Tarquinio e Lucrezia

Autore:

Tintoretto - Jacopo Robusti (?)

(Venezia 1519 - Venezia 1594)

Dimensioni:

cm 85,5x101,5

Tecnica:

Olio su tela

Stile:

Manierismo veneziano

Provenienza:

Acquisto da collezione privata milanese, 1986

Esposizioni:

Monaco, Neue Pinakothek, Sammlung Schloss Rohoncz, 1930, n. 320; Londra, National Gallery, From Van Eyck to Tiepolo, 1961, n. 106

Bibliografia

Catalogo Sammlung Schloss Rohoncz, Monaco 1930, n, 320; W. Suida, Die italienischen Bilder der Sammlung Schloss Rohoncz, in "Belvedere", IX, 1930, p. 178, fig. 118; A.L. Mayer, Die Ausstellung der Sammlung 'Schloss Rohoncz' in der Neuen Pinakothek, in "Pantheon", VI, 1930, p. 316; R. van Marle, I quadri italiani della raccolta del Castello Rohoncz, in "Dedalo", XI, 1931, p. 1382; Catalogo Sammlung Schloss Rohoncz, Lugano, 1937, n. 417, pl. 222; B. Berenson, Italian Pictures of the Renaissance. Venetian School, London, 1957, I, p. 174; Catalogo Sammlung Schloss Rohoncz, Lugano, 1958, n. 417; Ph. Hendy, Some Italian Renaissance-Pictures in the Thissen-Bornemisza Collection, Lugano 1964, p. 125, illus. p. 123; Chr. Salm-Ch. Sterling-R. Heinemann, The Thyssen-Bornemisza Collection. Catalogue of Paintings, Lugano, 1969, n. 304, illustrazione al vol. II, n. 260; R. Pallucchini-P. Rossi, Tintoretto. Le opere sacre e profane, Milano, 1984, A54; R.Pallucchini - P.Rossi, Tintoretto. L'opera completa, Milano, 1994, p. 246.

Tarquinio e Lucrezia

Il dipinto è entrato a far parte della collezione della Banca Popolare di Sondrio nel 1986 con un’attribuzione al Tintoretto fondata sul prestigioso pedigree della sua provenienza. L’opera, infatti, era stata acquistata prima del 1930 dal barone Thyssen-Bornemisza per la sua celebre collezione, direttamente dalla famiglia reale degli Asburgo cui era sempre appartenuta. Era stata quindi esposta nel 1930 alla Neue Pinakothek di Monaco e, nel 1961, alla National Gallery di Londra sempre con un’attribuzione al Tintoretto. Negli anni Settanta era poi passata in una collezione privata milanese da cui, infine, è stata acquistata dalla Banca Popolare di Sondrio.

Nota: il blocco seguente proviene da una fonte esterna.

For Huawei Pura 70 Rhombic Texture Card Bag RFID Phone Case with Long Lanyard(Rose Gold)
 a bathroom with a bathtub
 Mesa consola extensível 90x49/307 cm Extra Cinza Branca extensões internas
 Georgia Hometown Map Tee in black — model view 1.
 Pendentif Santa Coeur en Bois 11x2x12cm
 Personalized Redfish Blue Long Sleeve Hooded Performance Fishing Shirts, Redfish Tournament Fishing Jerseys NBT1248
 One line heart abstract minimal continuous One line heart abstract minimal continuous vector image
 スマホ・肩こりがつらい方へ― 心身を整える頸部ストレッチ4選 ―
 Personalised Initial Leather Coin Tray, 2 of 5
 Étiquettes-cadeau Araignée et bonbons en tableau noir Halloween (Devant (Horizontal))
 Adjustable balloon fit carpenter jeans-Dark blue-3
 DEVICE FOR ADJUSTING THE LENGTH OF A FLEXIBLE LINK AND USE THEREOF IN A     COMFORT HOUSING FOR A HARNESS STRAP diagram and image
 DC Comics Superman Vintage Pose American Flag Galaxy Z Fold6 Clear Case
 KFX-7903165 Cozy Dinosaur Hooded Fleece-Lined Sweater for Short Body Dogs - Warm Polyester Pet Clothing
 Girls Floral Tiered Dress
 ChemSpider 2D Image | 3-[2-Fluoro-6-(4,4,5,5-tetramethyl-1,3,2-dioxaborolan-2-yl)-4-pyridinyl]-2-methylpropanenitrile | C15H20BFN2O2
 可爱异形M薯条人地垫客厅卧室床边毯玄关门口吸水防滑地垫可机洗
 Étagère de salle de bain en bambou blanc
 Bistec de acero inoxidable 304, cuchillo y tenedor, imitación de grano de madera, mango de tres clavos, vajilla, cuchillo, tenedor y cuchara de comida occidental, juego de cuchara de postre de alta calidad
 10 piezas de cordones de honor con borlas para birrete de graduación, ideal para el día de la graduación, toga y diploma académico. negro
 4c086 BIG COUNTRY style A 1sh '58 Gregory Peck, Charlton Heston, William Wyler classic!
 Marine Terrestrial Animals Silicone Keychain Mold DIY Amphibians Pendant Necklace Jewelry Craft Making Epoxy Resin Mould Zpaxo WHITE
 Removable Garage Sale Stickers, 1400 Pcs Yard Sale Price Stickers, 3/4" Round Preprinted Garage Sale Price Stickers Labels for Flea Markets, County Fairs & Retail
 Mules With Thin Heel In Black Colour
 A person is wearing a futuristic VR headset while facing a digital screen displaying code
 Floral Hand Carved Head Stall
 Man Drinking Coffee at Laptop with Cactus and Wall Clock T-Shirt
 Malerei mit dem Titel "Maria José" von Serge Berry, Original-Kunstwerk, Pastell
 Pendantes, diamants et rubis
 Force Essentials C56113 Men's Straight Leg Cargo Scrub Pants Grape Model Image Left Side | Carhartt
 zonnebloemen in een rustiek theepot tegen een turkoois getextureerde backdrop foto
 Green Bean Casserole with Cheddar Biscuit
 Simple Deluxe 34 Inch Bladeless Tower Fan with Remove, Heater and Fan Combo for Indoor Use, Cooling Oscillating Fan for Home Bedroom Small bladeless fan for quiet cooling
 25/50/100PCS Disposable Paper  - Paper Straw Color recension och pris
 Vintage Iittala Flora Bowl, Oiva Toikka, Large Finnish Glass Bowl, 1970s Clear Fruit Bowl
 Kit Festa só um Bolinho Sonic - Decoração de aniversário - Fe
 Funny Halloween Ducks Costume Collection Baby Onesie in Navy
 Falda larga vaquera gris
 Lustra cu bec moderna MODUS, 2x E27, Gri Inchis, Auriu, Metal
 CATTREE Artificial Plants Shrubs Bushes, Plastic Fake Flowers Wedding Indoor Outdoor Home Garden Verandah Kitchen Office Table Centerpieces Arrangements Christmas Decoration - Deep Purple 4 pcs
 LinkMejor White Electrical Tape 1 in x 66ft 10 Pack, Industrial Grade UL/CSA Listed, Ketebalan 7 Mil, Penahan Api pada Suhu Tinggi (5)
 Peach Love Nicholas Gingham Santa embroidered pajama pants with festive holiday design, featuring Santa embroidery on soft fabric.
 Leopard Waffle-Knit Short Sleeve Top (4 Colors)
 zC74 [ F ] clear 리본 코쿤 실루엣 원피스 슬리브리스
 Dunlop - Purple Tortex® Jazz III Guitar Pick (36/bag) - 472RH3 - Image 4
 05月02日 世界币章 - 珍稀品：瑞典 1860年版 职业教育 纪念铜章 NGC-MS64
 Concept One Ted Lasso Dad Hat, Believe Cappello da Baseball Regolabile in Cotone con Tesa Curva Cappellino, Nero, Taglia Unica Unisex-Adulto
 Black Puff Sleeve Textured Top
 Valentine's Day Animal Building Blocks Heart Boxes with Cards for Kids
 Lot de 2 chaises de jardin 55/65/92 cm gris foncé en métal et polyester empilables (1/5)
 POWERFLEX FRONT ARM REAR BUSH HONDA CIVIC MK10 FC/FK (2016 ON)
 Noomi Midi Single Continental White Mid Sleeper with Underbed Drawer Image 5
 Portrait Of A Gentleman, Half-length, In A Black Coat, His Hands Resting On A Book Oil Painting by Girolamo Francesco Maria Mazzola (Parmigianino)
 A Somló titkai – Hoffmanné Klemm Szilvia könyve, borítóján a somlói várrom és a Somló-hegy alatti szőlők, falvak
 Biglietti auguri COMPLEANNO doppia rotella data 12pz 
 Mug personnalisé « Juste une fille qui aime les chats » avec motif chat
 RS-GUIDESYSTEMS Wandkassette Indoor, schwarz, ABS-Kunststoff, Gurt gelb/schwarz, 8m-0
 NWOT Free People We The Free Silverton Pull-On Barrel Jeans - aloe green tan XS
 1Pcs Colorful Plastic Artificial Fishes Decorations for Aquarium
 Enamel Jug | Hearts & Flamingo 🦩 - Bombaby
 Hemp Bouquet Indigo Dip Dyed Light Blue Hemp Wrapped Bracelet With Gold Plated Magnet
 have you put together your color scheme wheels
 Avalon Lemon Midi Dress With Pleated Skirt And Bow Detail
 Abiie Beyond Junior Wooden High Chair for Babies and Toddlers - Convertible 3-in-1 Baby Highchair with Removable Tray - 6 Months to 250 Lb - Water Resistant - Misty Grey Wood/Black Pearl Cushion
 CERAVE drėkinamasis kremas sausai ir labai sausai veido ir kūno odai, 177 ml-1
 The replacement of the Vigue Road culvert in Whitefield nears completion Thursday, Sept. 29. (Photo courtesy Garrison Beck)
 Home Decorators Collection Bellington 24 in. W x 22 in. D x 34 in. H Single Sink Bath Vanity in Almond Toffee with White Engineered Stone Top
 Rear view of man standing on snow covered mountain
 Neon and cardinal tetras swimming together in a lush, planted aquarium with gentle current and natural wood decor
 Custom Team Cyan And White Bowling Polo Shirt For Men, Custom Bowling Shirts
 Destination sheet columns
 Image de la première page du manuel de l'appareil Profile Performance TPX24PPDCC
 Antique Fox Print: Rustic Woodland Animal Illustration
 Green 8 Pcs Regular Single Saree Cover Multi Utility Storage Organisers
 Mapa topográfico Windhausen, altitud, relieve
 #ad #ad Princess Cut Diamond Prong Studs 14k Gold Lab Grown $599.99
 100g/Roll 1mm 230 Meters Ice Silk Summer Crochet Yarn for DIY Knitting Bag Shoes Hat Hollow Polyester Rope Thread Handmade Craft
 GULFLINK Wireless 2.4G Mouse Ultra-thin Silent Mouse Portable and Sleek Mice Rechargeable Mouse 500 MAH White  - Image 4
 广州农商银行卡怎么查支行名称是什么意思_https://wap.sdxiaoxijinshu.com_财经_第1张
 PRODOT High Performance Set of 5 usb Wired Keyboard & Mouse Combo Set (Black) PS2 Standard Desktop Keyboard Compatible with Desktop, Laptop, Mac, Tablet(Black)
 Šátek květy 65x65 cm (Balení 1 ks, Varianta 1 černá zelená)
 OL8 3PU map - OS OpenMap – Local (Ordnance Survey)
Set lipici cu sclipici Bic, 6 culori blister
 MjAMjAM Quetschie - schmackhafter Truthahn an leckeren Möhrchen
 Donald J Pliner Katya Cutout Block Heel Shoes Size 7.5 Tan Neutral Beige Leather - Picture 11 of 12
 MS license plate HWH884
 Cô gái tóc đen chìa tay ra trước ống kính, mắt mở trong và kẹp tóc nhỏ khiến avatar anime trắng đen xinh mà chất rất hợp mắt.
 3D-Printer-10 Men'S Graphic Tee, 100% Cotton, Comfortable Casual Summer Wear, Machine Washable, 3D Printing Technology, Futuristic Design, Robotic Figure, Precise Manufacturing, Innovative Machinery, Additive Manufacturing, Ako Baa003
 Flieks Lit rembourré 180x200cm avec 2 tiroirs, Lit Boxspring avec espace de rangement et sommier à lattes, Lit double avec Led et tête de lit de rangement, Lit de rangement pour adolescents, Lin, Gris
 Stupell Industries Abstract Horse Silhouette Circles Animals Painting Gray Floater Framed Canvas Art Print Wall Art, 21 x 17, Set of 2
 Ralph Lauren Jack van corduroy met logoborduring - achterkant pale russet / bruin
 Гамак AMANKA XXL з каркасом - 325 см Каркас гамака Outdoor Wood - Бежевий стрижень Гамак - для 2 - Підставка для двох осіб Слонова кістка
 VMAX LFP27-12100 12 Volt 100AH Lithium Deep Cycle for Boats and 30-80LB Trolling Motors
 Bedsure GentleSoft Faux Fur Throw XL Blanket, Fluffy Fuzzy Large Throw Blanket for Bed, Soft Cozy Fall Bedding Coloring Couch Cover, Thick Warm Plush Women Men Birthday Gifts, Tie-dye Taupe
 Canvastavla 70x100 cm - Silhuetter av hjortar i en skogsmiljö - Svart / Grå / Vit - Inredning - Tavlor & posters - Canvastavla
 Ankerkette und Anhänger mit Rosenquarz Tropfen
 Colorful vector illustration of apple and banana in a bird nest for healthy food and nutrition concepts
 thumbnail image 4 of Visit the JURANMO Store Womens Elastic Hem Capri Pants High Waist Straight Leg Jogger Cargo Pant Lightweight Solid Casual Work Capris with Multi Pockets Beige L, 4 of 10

Al momento dell’acquisto, tuttavia, la sua attribuzione al Tintoretto era stata già seriamente messa in forse dalla prima analisi critica dell’opera del grande artista veneziano, condotta da Rodolfo Pallucchini e Paola Rossi, inclini ad attribuire la tela piuttosto a Palma il Giovane (1548-1628). Secondo i due studiosi, infatti, “Il suo stile - in cui in questo caso lo stimolo tintorettiano si fonde con quello tizianesco avvertibile anche nel paesaggio - si palesa nella costruzione realizzata con morbide masse plastiche della figura affine, ad esempio, nella sua stessa sensuale esuberanza, alla Lucrezia della Gemäldegallerie di Kassel.”

Non è certo questa la sede per discutere una nuova attribuzione del dipinto - che i numerosi rifacimenti e le ridipinture cui è stato sottoposto nel tempo, oltre che il pessimo stato della sua conservazione, rendono oltremodo problematica - ma l’attribuzione a Palma il Giovane è sicuramente più convincente di quella al Tintoretto, per l’affinità stilistica e di impianto compositivo che riconducono all’artista veneziano della generazione successiva a quella del Tintoretto.

La scena nella sua violenta sensualità, si rifà al noto episodio della patrizia romana Lucrezia, sposa di Tarquinio Collatino, cugino di Tarquinio il Superbo, violentata da Sesto Tarquinio, figlio di Tarquinio il Superbo, per dimostrare che la donna non era la più virtuosa delle mogli come sostenevano gli altri suoi fratelli. Lucrezia dopo la violenza, per sfuggire al disonore, si suicidò, innescando quella sollevazione popolare che costrinse Tarquinio il Superbo, ultimo re etrusco di Roma, all’esilio. Nell’episodio gli storici hanno sempre visto adombrato il violento passaggio dalla monarchia alla repubblica nella Roma del VI secolo a.C.